-------- EXERCISE INPUT --------

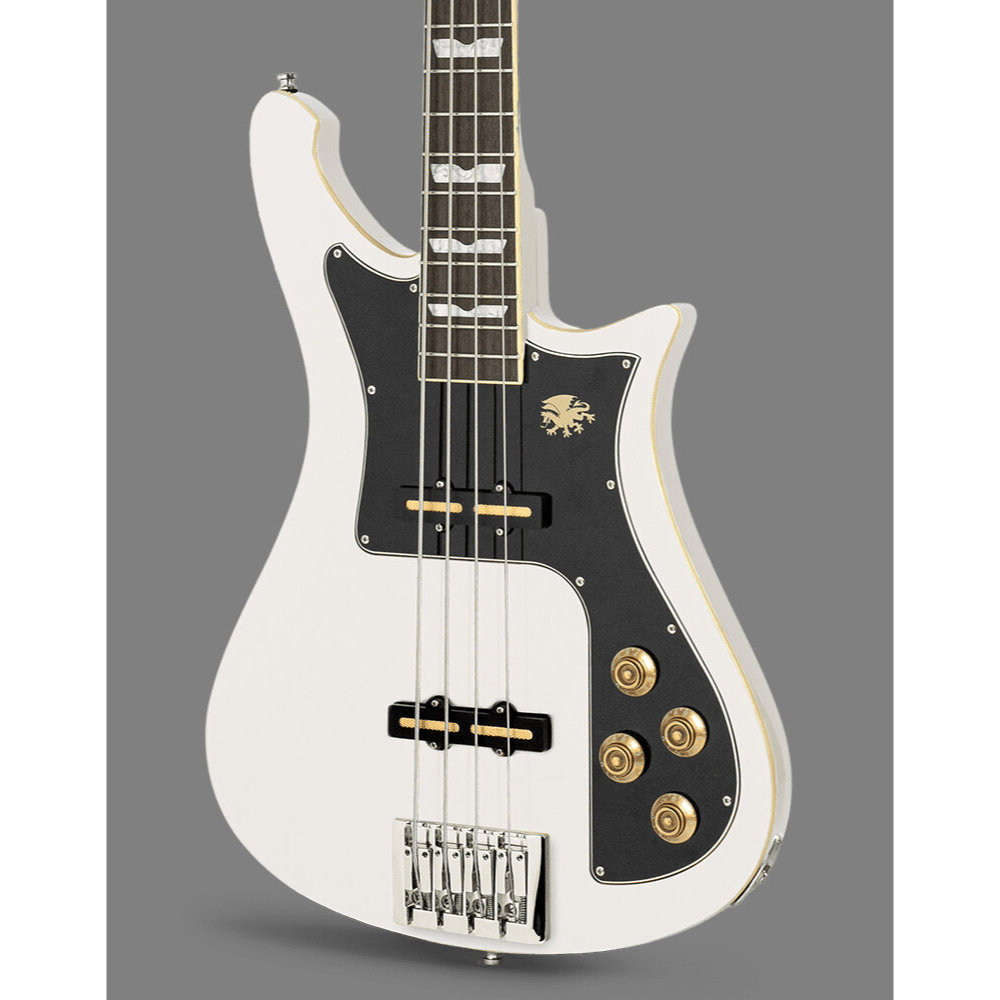 Baum Guitars バウムギターズ Vintage White エレキベース ボディトップ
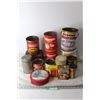 Image 1 : Assorted Vintage Tin Cans - Rogers,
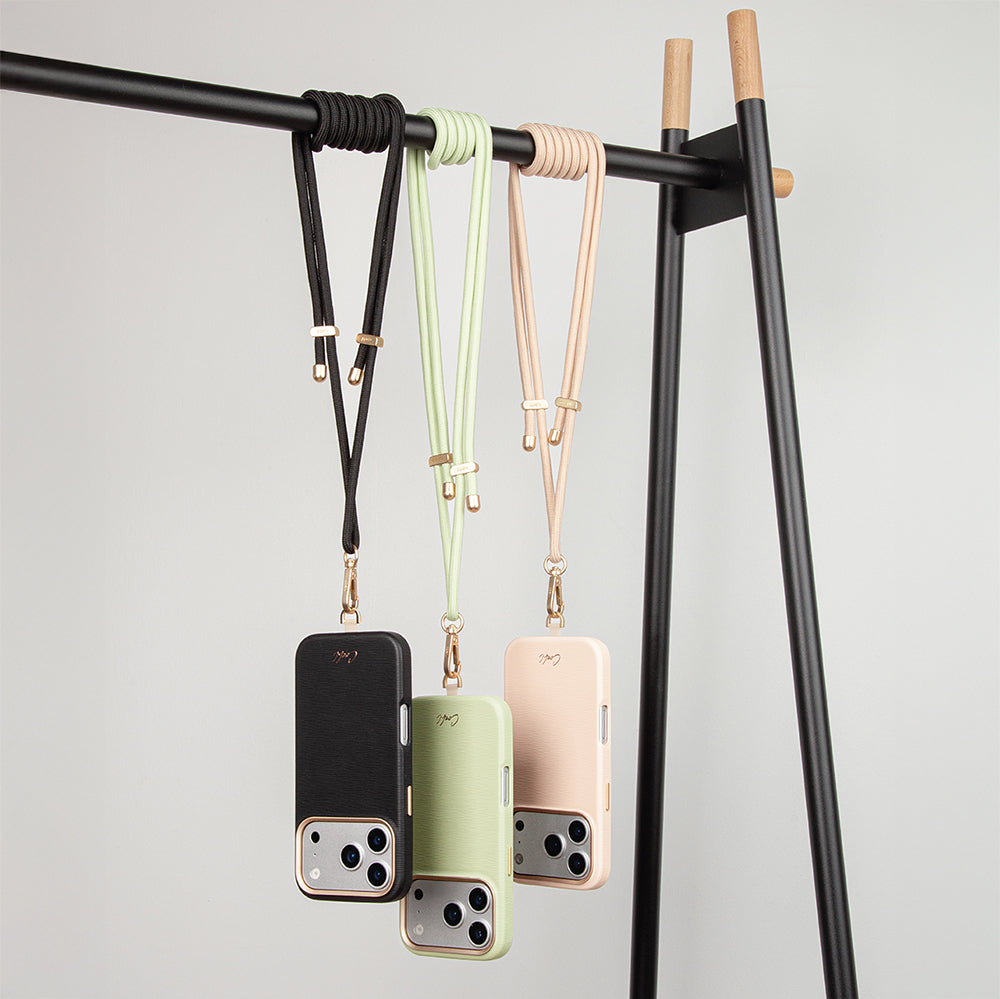 iPhone 17 Pro Max Kılıf M-safe Şarj Özellikli Askı İpli Coehl Mirelle Kılıf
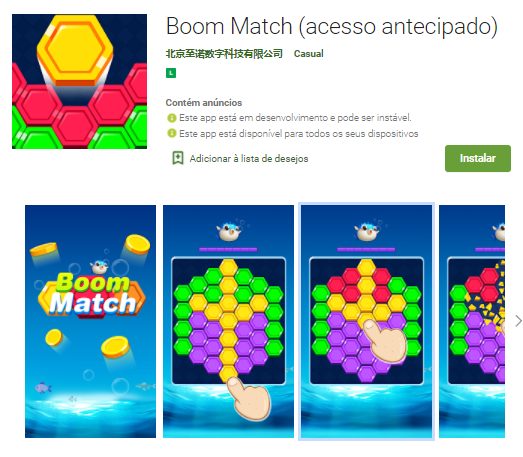 boom match app para ganhar dinheiro na internet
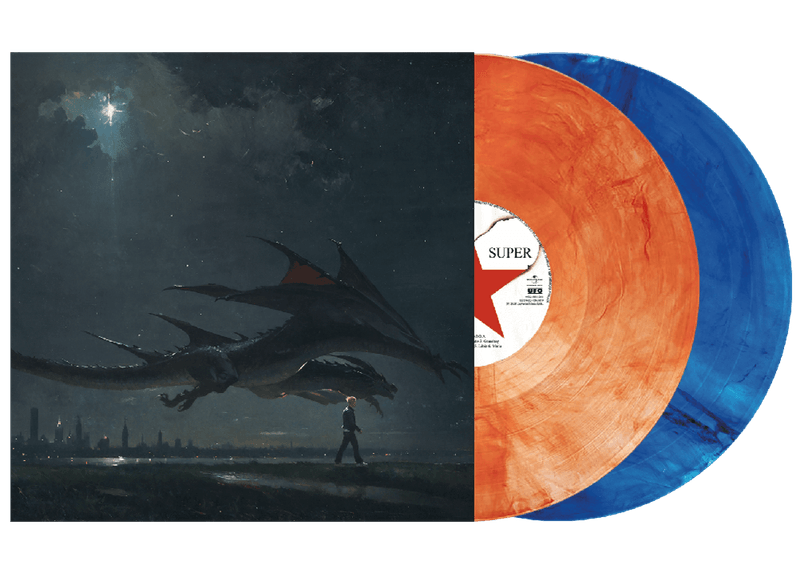 Vinil de 'Supernova' - Parte II do álbum "Super" do Jão - Divulgação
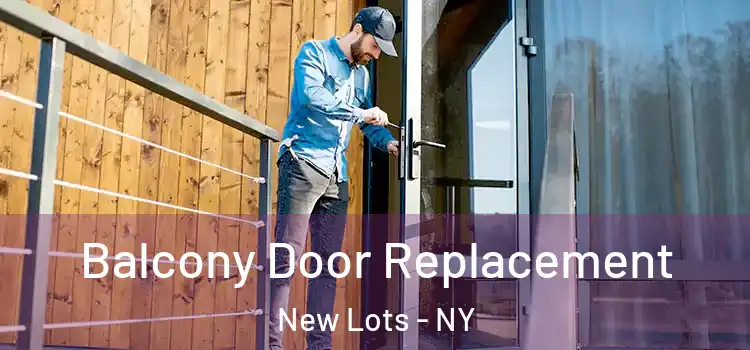  Balcony Door Replacement New Lots - NY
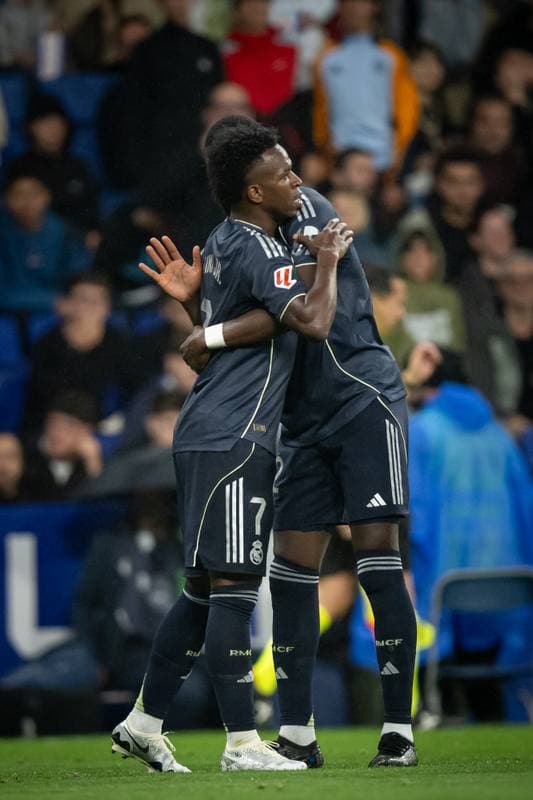 Football. La Liga. RCD Espanyol - Real Madrid. 03.05.2026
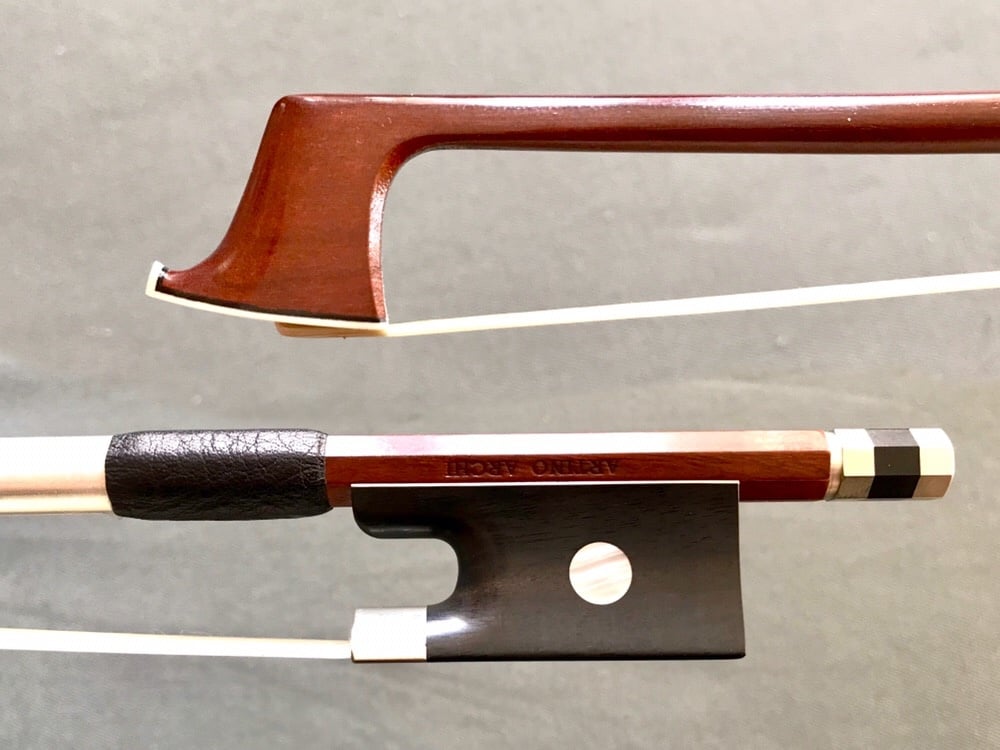 Artino ARTINO ARCHI Peccatte model violin bow, Japan, nickel-mounted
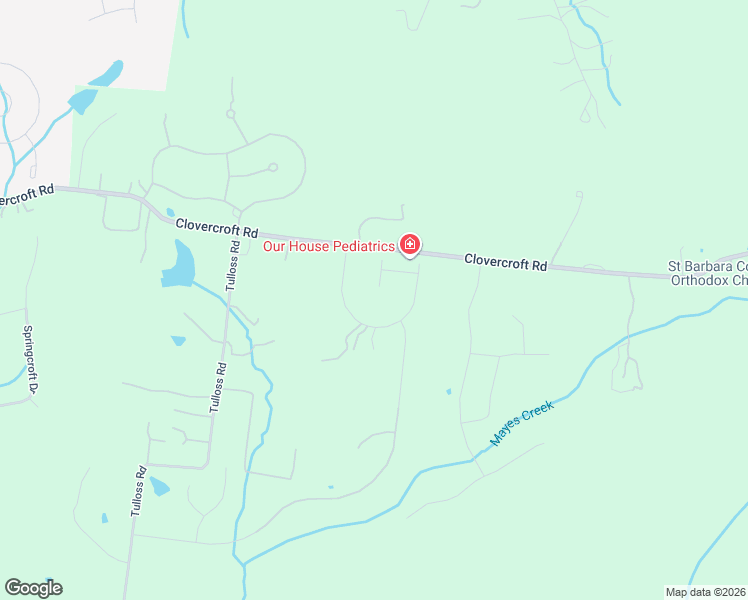 map of restaurants, bars, coffee shops, grocery stores, and more near 2713 Deer Haven Court in Franklin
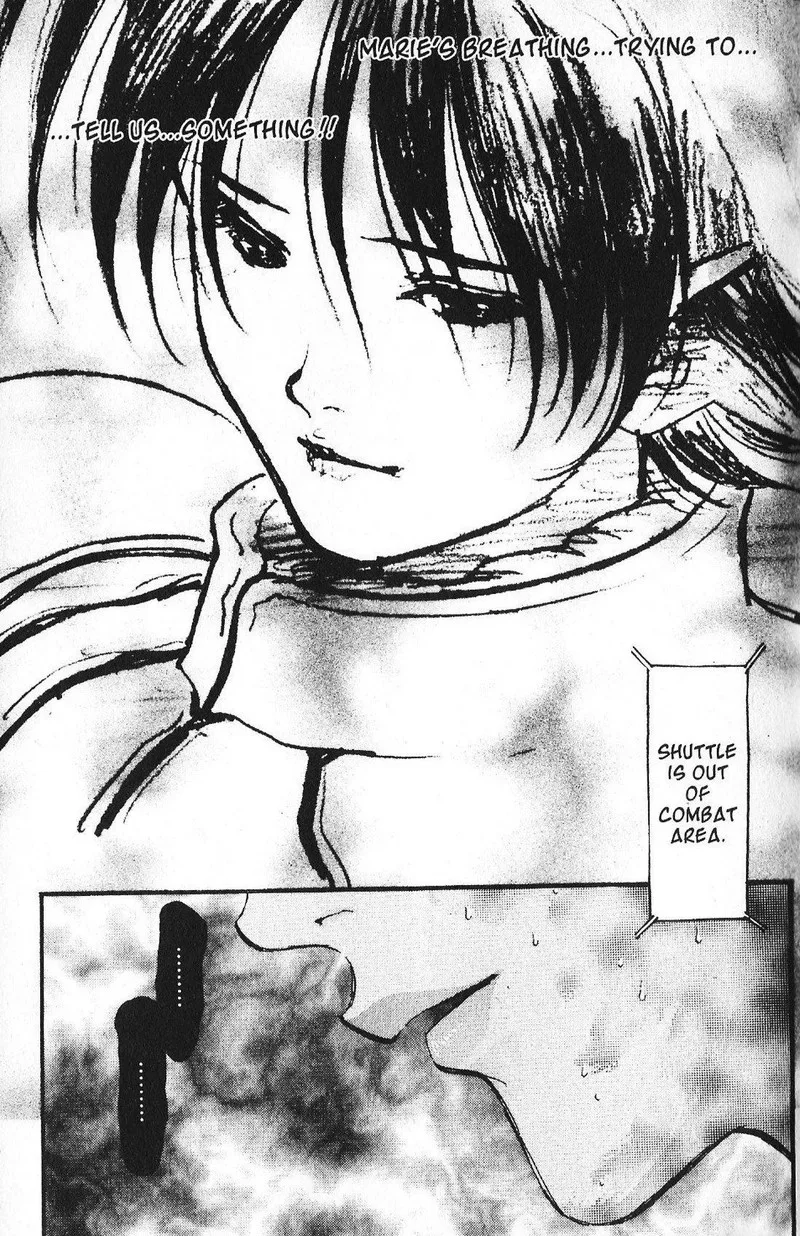 Mobile Suit Gundam - Ecole du Ciel Chapter 38 page 16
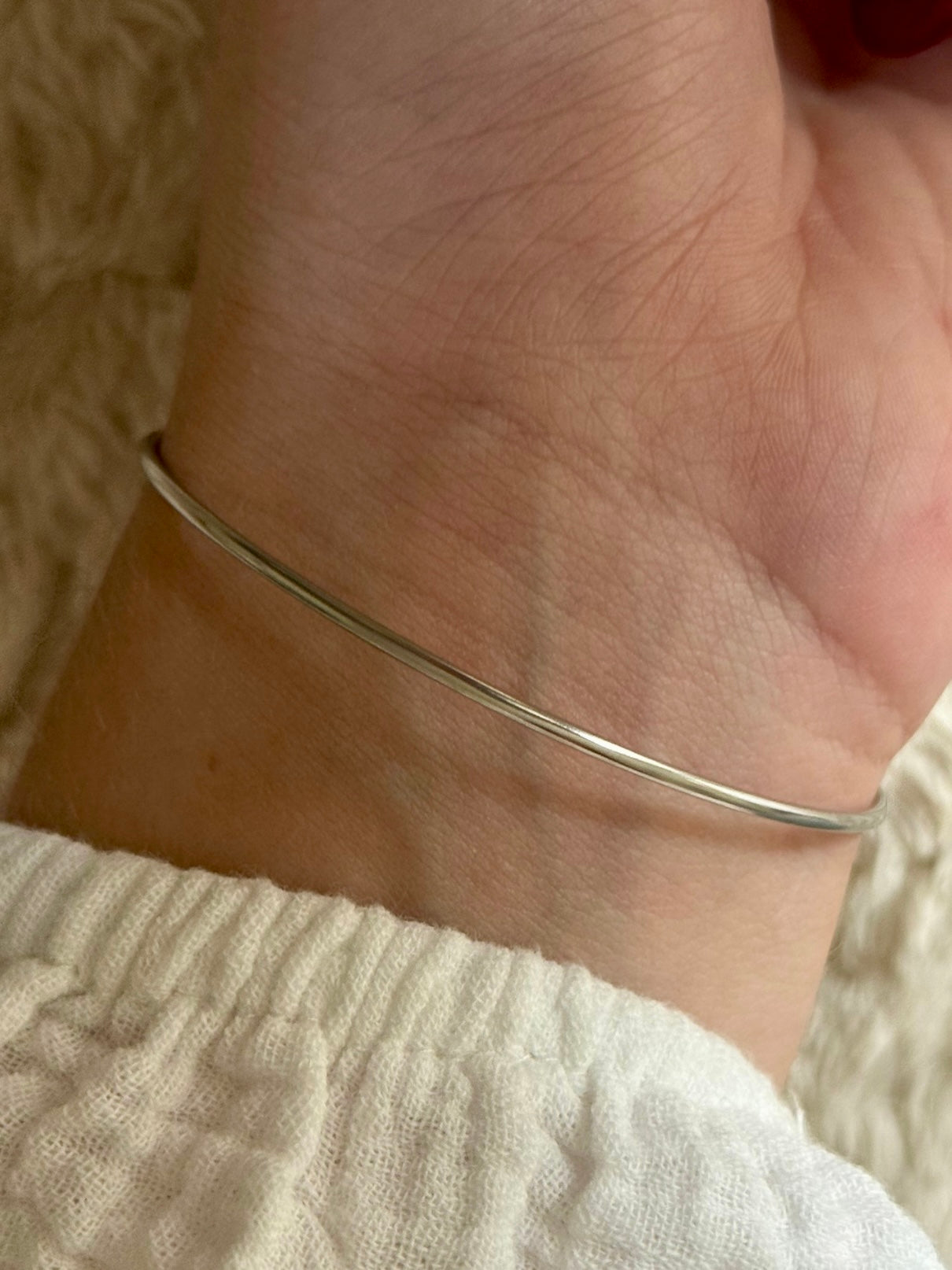 GRÂCE l Jonc inoxydable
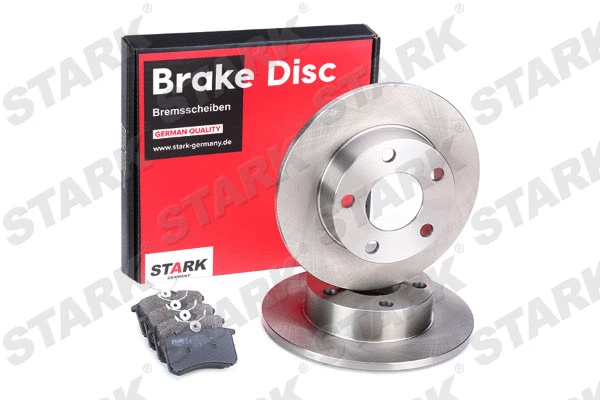 SKBK-1090051 Stark Комплект тормозов, дисковый тормозной механизм (фото 2)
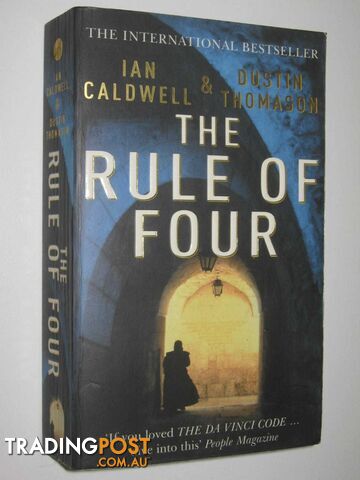 The Rule of Four - Caldwell Ian & Thomason, Dustin - 2005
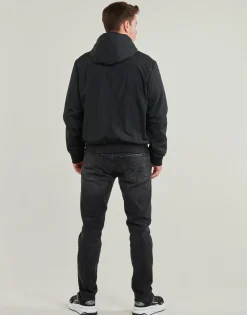 Emporio Armani EA7 - CORE IDENTITY BOMBER JACKET< Vestes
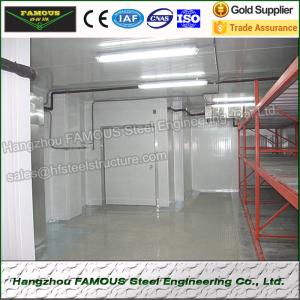 75mm Thick Thermal Insulated Sandwich Panels PU Wall System Use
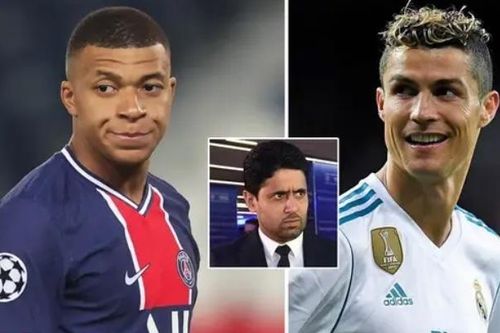 Mbappe thất vọng Real Madrid vì ưu đãi kém hơn Ronaldo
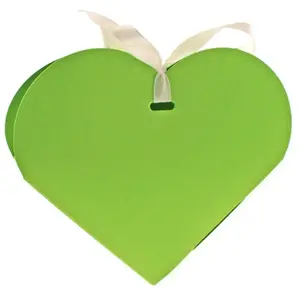 RueDeLaFete Ballotin coeur Vert pas cher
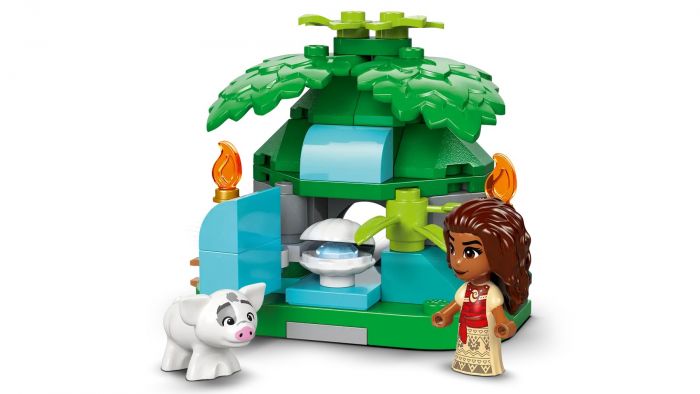 Конструктор LEGO Disney Острівні розваги Ваяни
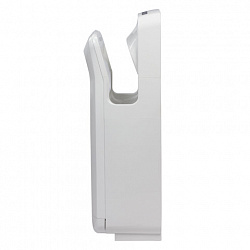 Сушилка для рук SONNEN K2, 1900 Вт, погружного типа, время сушки 10 секунд, пластик, белая, 604751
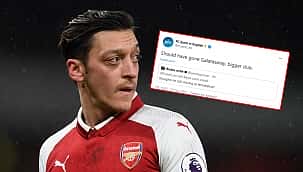 Mesut Özil e Galatasaray compartilhando do Zenit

--------

> _TRY IT_
What are the lines from the one containing "Сушилка для рук" through the end of the records? Write them out exactly, leaving out the pictures.

> _SOLVED EXERCISE_
 Сушилка для рук SONNEN K2, 1900 Вт, погружного типа, время сушки 10 секунд, пластик, белая, 604751
 Mesut Özil e Galatasaray compartilhando do Zenit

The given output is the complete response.